I say, ‘I don’t see any change halfway through . . .’

  ‘Yes, there is, it’s obvious. Here.’ Gribelin leans across and taps the letter. He sounds exasperated. ‘Exactly here, where the colonel made him write the hydraulic brake of the 120 millimetre cannon – that was when he understood what was happening. You can see the way his writing suddenly gets larger and less regular.’

  I look again. I still don’t see it. ‘Perhaps, if you say so . . .’

  ‘Believe me, Colonel, we all noticed the change in his demeanour. His foot began to tremble. Colonel du Paty accused him of changing his style. Dreyfus denied it. When the dictation was finished, the colonel told him he was under arrest for treason.’

  ‘And then what happened?’

  ‘Superintendent Cochefort and his assistant seized him and searched him. Dreyfus continued to deny it. Colonel du Paty showed him the revolver and offered him the honourable course.’

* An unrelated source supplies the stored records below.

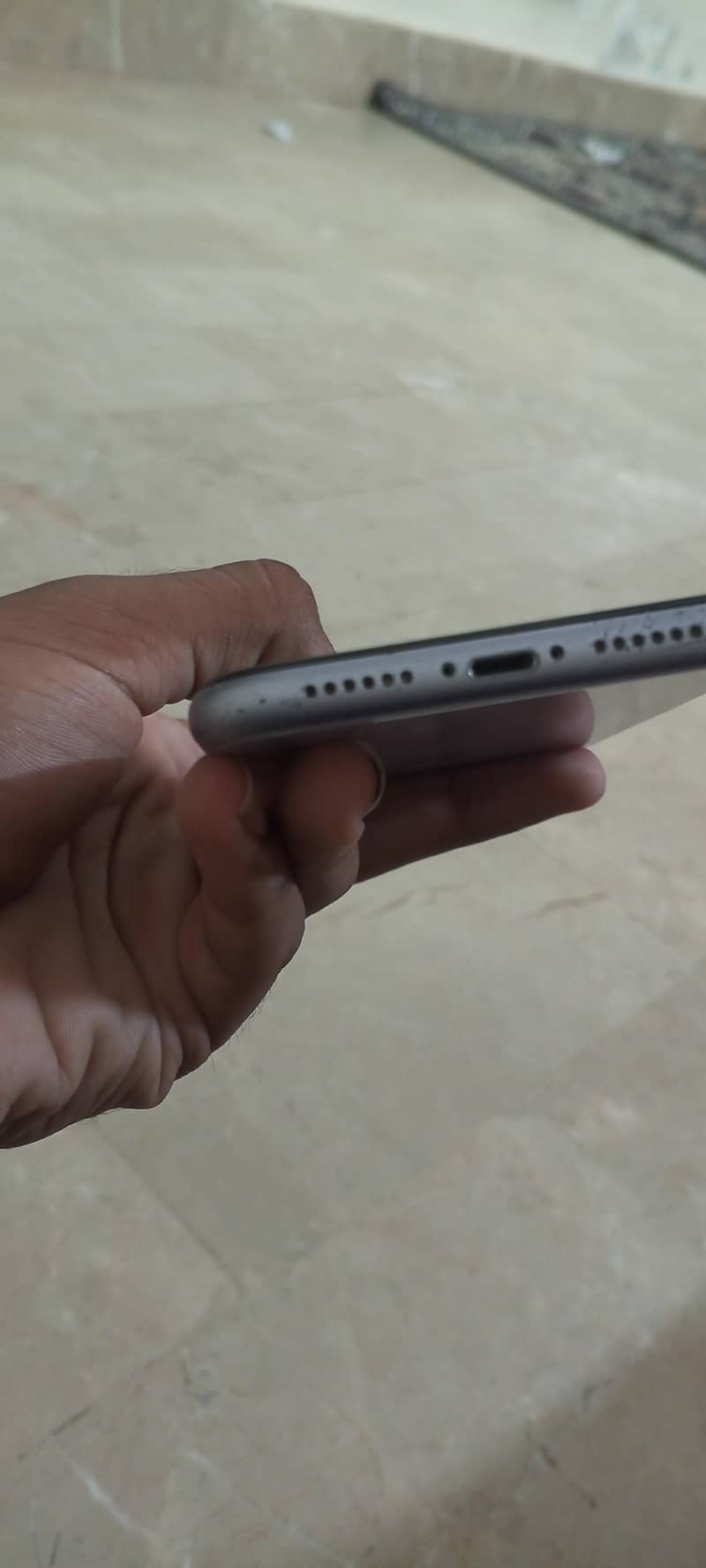 Apple iPhone 11 0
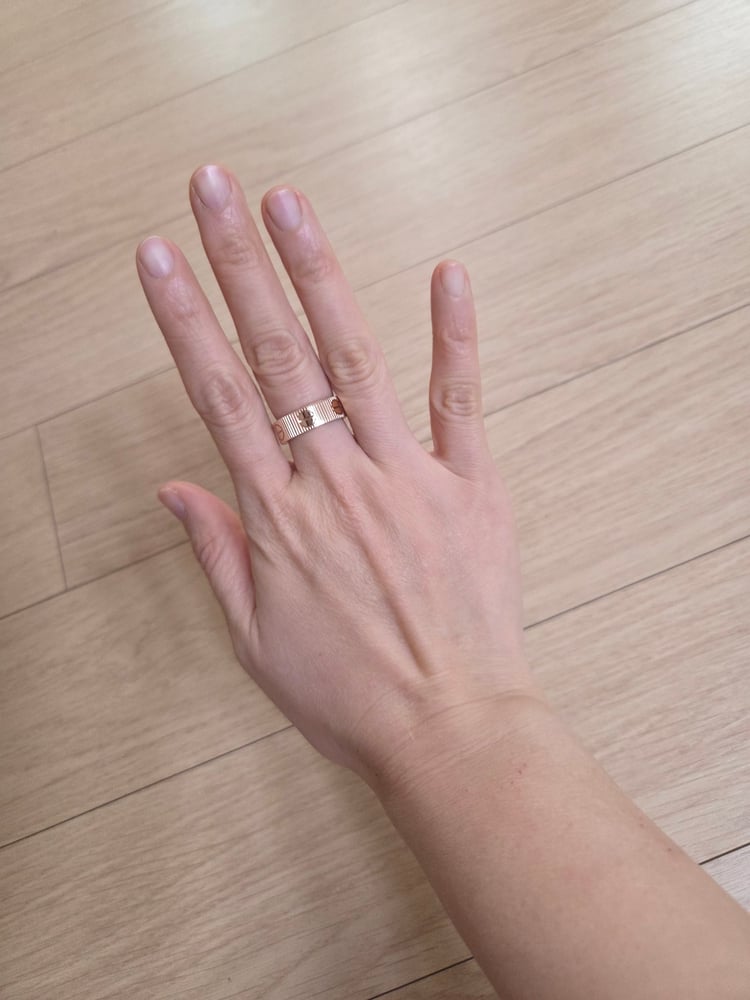 묵직하고 존재감있는 까르띠에 신상 링! 💍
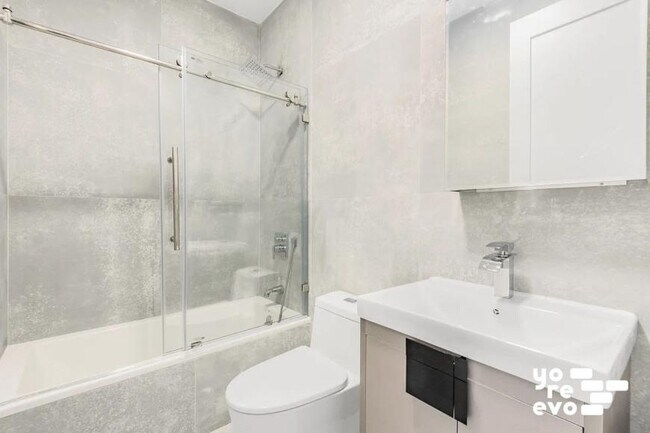 Building Photo - 2 bedroom in Brooklyn NY 11216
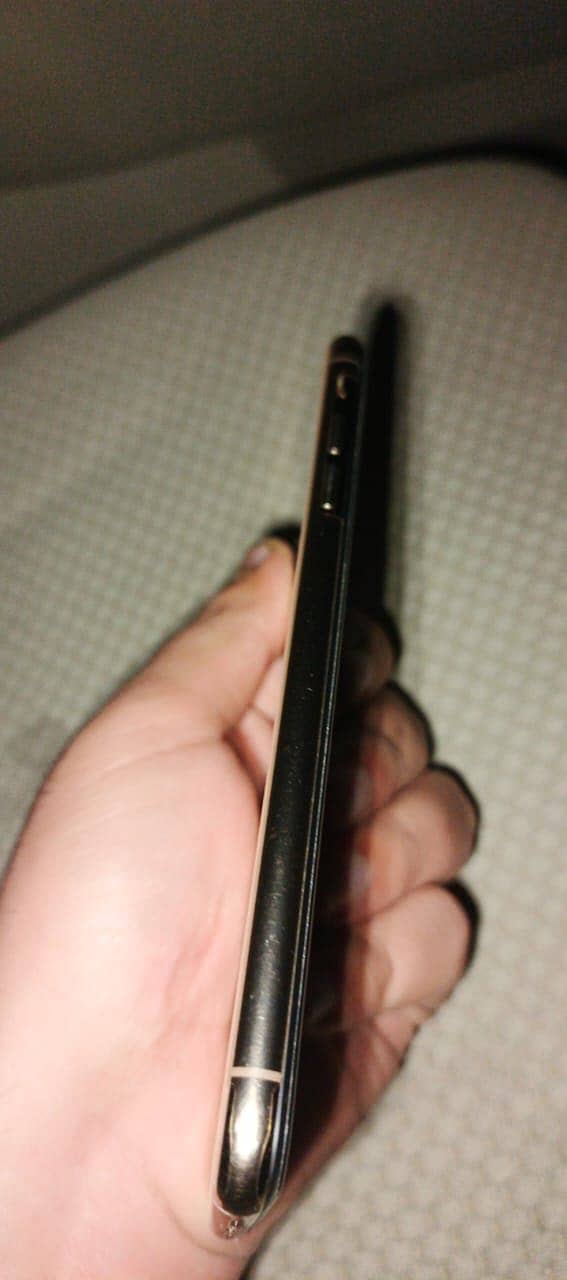Apple iPhone XS Max 1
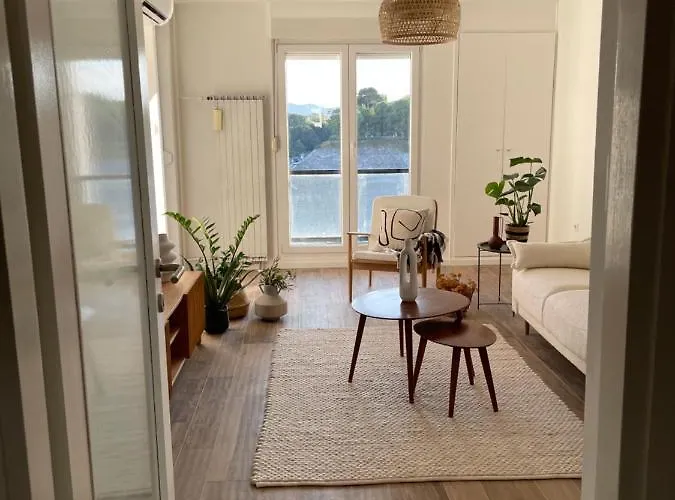 Dashing Oasis Apartman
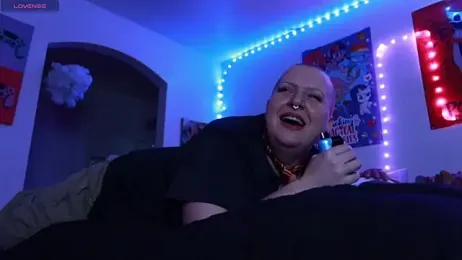 BellaBlueBBW webcam stripchat model stream image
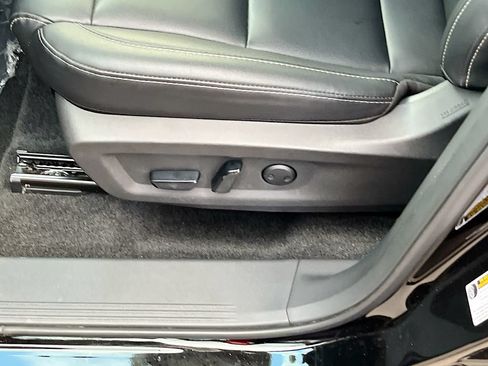 Used 2025 Nissan Murano SL w/ Cargo Package AWD/4WD image 19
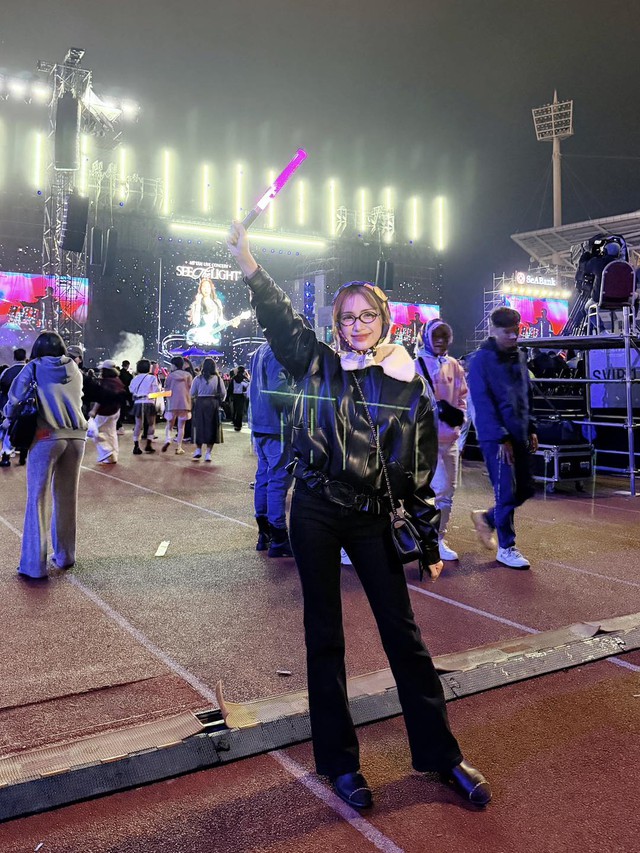 Hòa Minzy gây sốt với Khoảnh khắc Đáng nhớ tại concert của Mỹ Tâm - Ảnh 6. Hòa Minzy gây sốt với Khoảnh khắc Đáng nhớ tại concert của Mỹ Tâm - Ảnh 6.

  ‘What did Dreyfus say to that?’

  ‘He said, “Shoot me if you want to, but I am innocent!” He was like a character in a play. At that moment Colonel du Paty called out for Major Henry, who was hidden behind the screen, and Major Henry took him away to prison.’

  I start to turn the pages of the file. To my astonishment, every sheet is a copy of the bordereau. I open it at the midpoint. I flick to the end. ‘My God,’ I murmur, ‘how many times did you make him write it out?’

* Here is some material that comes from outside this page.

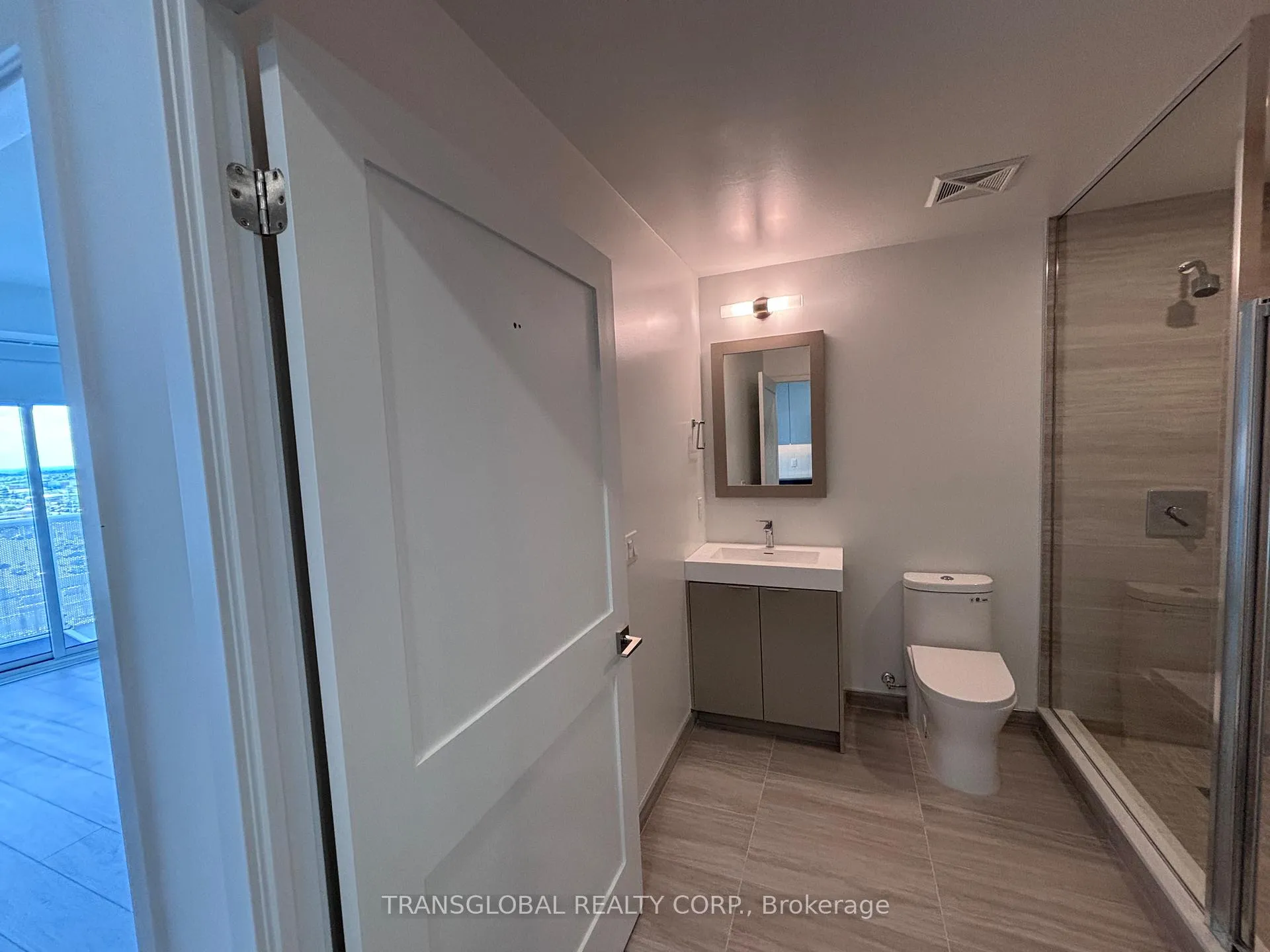 Photo 9 of 474 Caldari Road, Vaughan, Concord — HOMEH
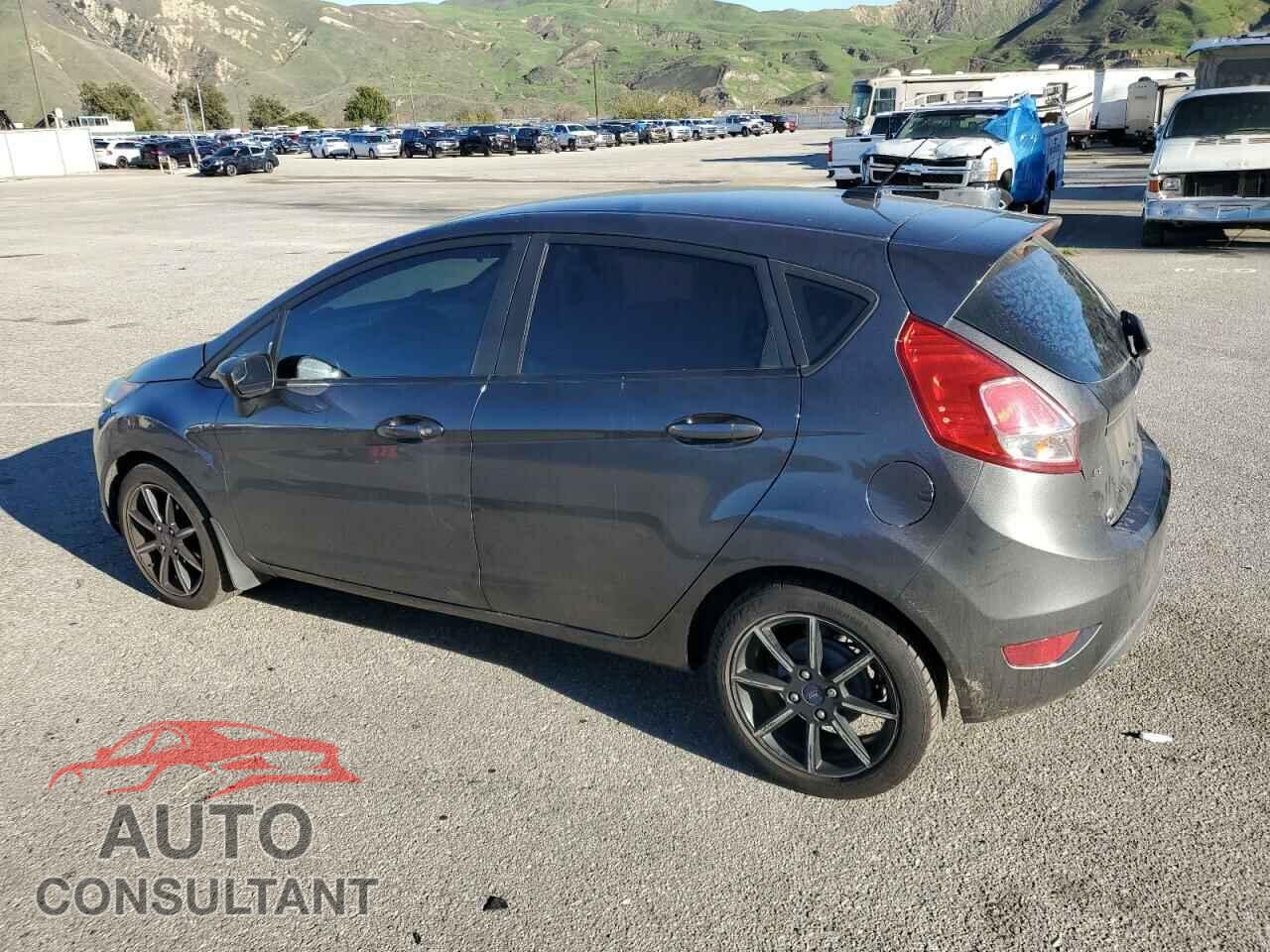 FORD FIESTA 2017 - 3FADP4EJ7HM172093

  ‘Oh, a hundred or more. But that was over the course of several weeks. You’ll see they’re labelled: “Left hand”, “right hand”, “standing up”, “sitting down”, “lying down” . . .’

  ‘You made him do this in his cell, presumably?’

  ‘Yes. Monsieur Bertillon, the handwriting expert from the Préfecture of Police, wanted as large a sample as possible so that he could demonstrate how he managed to disguise his writing. Colonel du Paty and I would visit Dreyfus at Cherche-Midi, usually around midnight, and interrogate him throughout the night. The colonel had the idea of surprising him while he was asleep – springing in and shining a powerful lantern in his face.’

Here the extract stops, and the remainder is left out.